The Reserve Bank is proposing to lift this to 16 percent – the smaller banks would have a slightly smaller 15 percent minimum.
Given banks’ current practice of comfortably exceeding statutory minimum capital requirements – their prized banking licences depend on such compliance – it would be unreasonable to expect they will hug minimum requirements in future.
Orr also dismissed criticism from Australian Financial Review journalist Tony Boyd who has written for that paper on banking issues for more than 35 years and currently writes its flagship Chanticleer column.
Boyd had suggested that the Australian banking regulator, the Australian Prudential Regulation Authority, has more stringent capital requirements than most Western countries – but not nearly as stringent as the Reserve Bank is now proposing – and that no Australian depositor has lost money.
All four of New Zealand’s big four banks are owned by Australia’s big four banks and Boyd was clearly suggesting the Reserve Bank proposals are extreme, but Orr dismisses his views.
“Group capital requirements are not relevant for New Zealand creditors and/or taxpayers. Only capital in the New Zealand subsidiary can be relied on,” Orr says.
The Reserve Bank has long insisted that the New Zealand arms of the major Australian banks have registered subsidiaries with their own capital adequacy requirements distinct from their parents.
It famously won a long battle with Westpac in late 2004 when that bank finally agreed to incorporate a local subsidiary, a process finally completed two years later – Orr was Westpac’s chief economist between 2000 and 2003.
“No Australian bank depositor has lost money because a) the Financial Claims Scheme has been in place since 2008 and b) institutions that failed in the early 1990s period of stress were rescued by state governments,” he says.
BusinessDesk also highlighted international ratings agency Fitch’s view of the Reserve Bank’s proposed changes as “radical.”
It also considered them “highly conservative relative to international peers” and would go "well beyond the international norm.”
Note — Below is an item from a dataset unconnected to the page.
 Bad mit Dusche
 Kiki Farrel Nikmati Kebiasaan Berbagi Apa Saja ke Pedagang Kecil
But Orr argues that “the Fitch article also said the proposal ‘sets a global standard’ and is ‘positive for banks’ credit profiles, although we do not expect any immediate rating changes.”
There’s no question the proposals would make New Zealand banks much stronger but there is a question as to whether they amount to unnecessary goldplating.
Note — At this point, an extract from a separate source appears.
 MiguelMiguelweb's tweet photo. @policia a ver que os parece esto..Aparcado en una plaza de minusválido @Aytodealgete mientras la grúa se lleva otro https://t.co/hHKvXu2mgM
Orr also dismisses the suggestion that the Reserve Bank might have failed to consult APRA on its proposed changes.
“We are in constant dialogue with our Australian colleagues at APRA. On this particular topic, we have shared many conversations, papers and briefings over a period of many months,” he says.
“Our APRA colleagues are always pleased to be briefed and we jointly recognise each other’s sovereignty with respect to the issues.”
Orr says the Reserve Bank will shortly release all the background material that supports the consultation document released on Dec. 14. The consultation period ends on March 29.